André kam mit zwei großen Tellern Pasta wieder an den Tisch. Paul folgte ihm mit zwei Glas Wein. Als sie beide dann allein am Tisch saßen, sagte André: „So, nun erzähl mal. Was war los?“ Christina erzählte ihm alles sehr ausführlich. Von ihrer ersten Übernachtung im Hotel, dass sie Loulou und ihre Großmutter so sympathisch fand und vom gestrigen Abend bzw. dem heutigen Tag und dass sie den beiden einfach helfen wollte. Vor lauter erzählen musste sie aufpassen, dass sie das Essen nicht vergaß und die Nudeln kalt wurden.

„Und nun, wie soll es weitergehen? Loulou kann jetzt erst einmal bei dir übernachten. Aber die nächsten Wochen bis ihre Großmutter wieder zu Hause ist?“

„Ich weiß es ehrlich gesagt noch nicht. Morgen früh gehe ich erst einmal ins Hotel und empfange die Gäste. Ich werde sehen, wie lange sie bleiben wollen und dann sehen wir weiter.“

Die Tische vor dem Restaurant waren in der Zwischenzeit alle besetzt und Paul hatte alle Hände voll zu tun. Mit schnellen Schritten balancierte er die Teller und die Getränke auf dem Tablett durch die Tischreihen. Kaum hatte er etwas abgestellt, schnellte irgendwo eine Hand hoch und er ging zu den nächsten Gästen.

„Ich glaube, ich muss jetzt auch mal was tun.“, sagte André und erhob sich. „Die Rechnung geht aufs Haus.“, scherzte er und zwinkerte ihr zu.

Christina lachte. „Nicht, dass dein Lokal noch pleite geht.“

„Sehen wir uns heute Abend?“, fragte André.

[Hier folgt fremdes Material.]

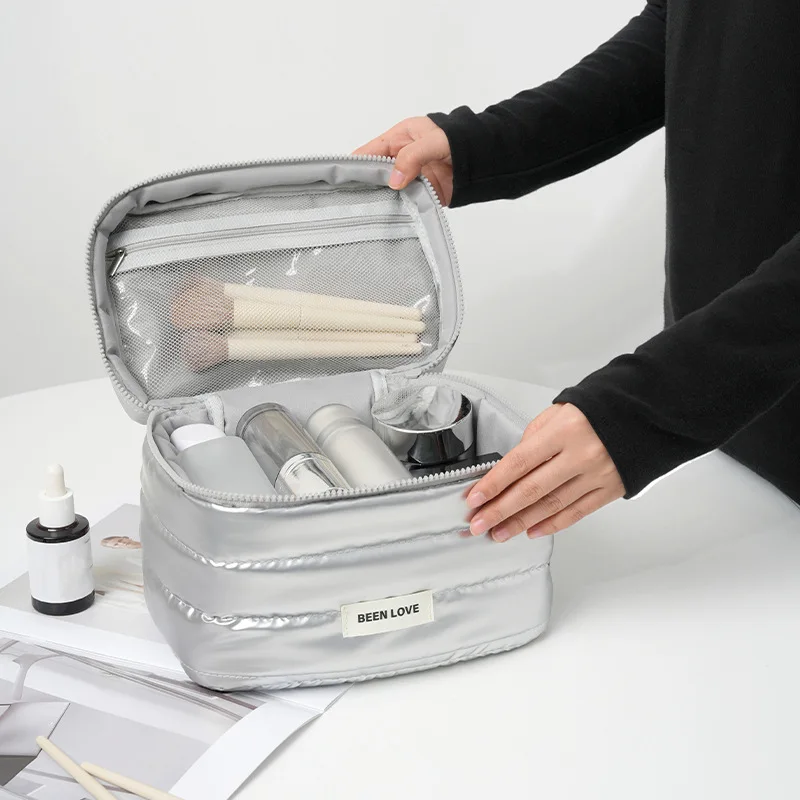 Solid Color New Makeup Bag High Beauty Makeup Brush Lipstick Storage Bag Convenient Large Capacity Handheld Toilet Bag For Women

Christina nickte.

Sie blieb noch sitzen und trank in aller Ruhe ihren Wein aus. Nebenbei beobachtete sie André, wie er mit den Gästen sprach. Er hatte so eine besondere Art, dass man sich gleich wohlfühlte, und jeder glaubte, man würde sich schon lange kennen.

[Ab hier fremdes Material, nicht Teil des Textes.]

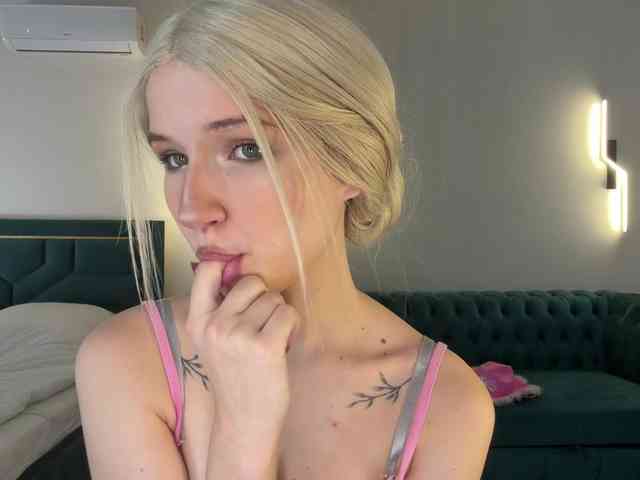 VikkiiSecret Sex Cam Show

Bevor sie nach Hause ging, wollte sie in dem kleinen Lebensmittelladen am Boulevard Gambetta noch etwas einkaufen. Wenn sie die nächsten Tage zu zweit waren, dann würde das, was sie im Kühlschrank hatte, nicht reichen. Haben Teenager eigentlich großen Hunger? Sie stand auf, nahm ihre Tasche und winkte André und Paul noch einmal zu.